Working with Max Rudolph of the University of California, Davis and Michael Manga of UC Berkeley, Hemingway used models to investigate the physical forces acting on Enceladus that allow the tiger stripe fissures to form and remain in place. Their findings are published by Nature Astronomy.
The team was particularly interested in understanding why the stripes are present only on the moon’s south pole but were also keen to figure out why the cracks are so evenly spaced.
The answer to the first question turns out to be a bit of a coin toss. The researchers revealed that the fissures that make up Enceladus’ tiger stripes could have formed on either pole, the south just happened to split open first.
Enceladus experiences internal heating due to the eccentricity of its orbit. It is sometimes a little closer to Saturn and sometimes a littler farther, which causes the moon to be slightly deformed—stretched and relaxed—as it responds to the giant planet’s gravity. It is this process that keeps the moon from freezing completely solid.
Key to the formation of the fissures is the fact that the moon’s poles experience the greatest effects of this gravitationally induced deformation, so the ice sheet is thinnest over them. During periods of gradual cooling on Enceladus, some of the moon’s subsurface ocean will freeze. Because water expands as it freezes, as the icy crust thickens from below, the pressure in the underlying ocean increases until the ice shell eventually splits open, creating a fissure. Because of their comparatively thin ice, the poles are the most susceptible to cracks.

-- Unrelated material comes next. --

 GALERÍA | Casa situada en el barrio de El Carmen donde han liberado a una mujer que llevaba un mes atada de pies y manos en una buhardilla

The researchers believe the fissure named after the city of Baghdad was the first to form. (The stripes are named after places referred to in the stories of One Thousand and One Nights, which are also called Arabian Nights.) However, it didn’t just freeze back up again. It stayed open, allowing ocean water to spew from its crevasse that, in turn, caused three more parallel cracks to form.
“Our model explains the regular spacing of the cracks,” Rudolph said.

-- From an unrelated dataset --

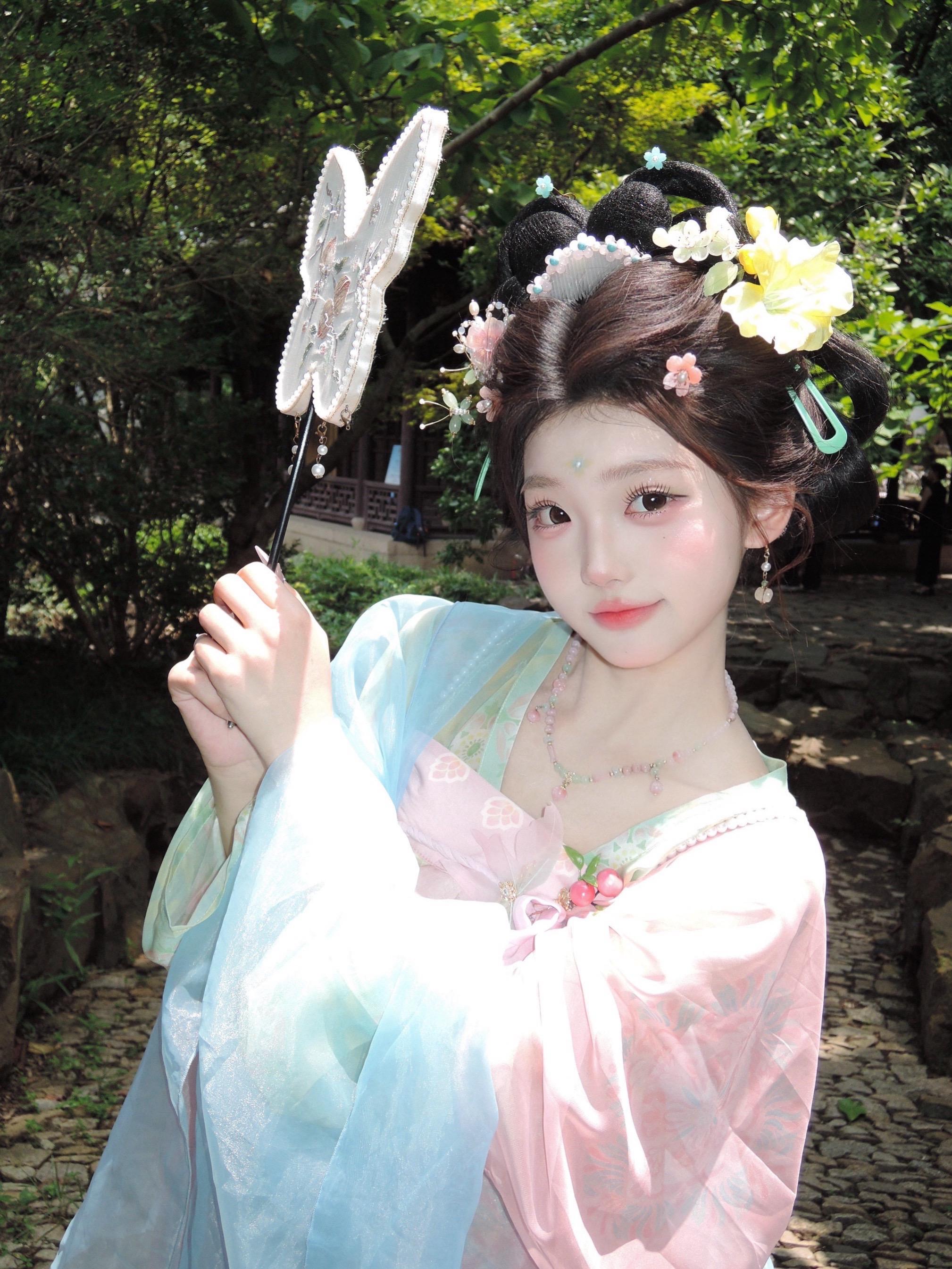 我在你身后呢。小唐风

The additional splits formed from the weight of ice and snow building up along the edges of the Baghdad fissure as jets of water from the subsurface ocean froze and fell back down. This weight added a new form of pressure on the ice sheet.
“That caused the ice sheet to flex just enough to set off a parallel crack about 35 kilometers away,” Rudolph added.
That the fissures stay open and erupting is also due to the tidal effects of Saturn’s gravity. The moon’s deformation acts to keep the wound from healing—repeatedly widening and narrowing the cracks and flushing water in and out of them—preventing the ice from closing up again.
For a larger moon, its own gravity would be stronger and prevent the additional fractures from opening all the way. So, these stripes could only have formed on Enceladus.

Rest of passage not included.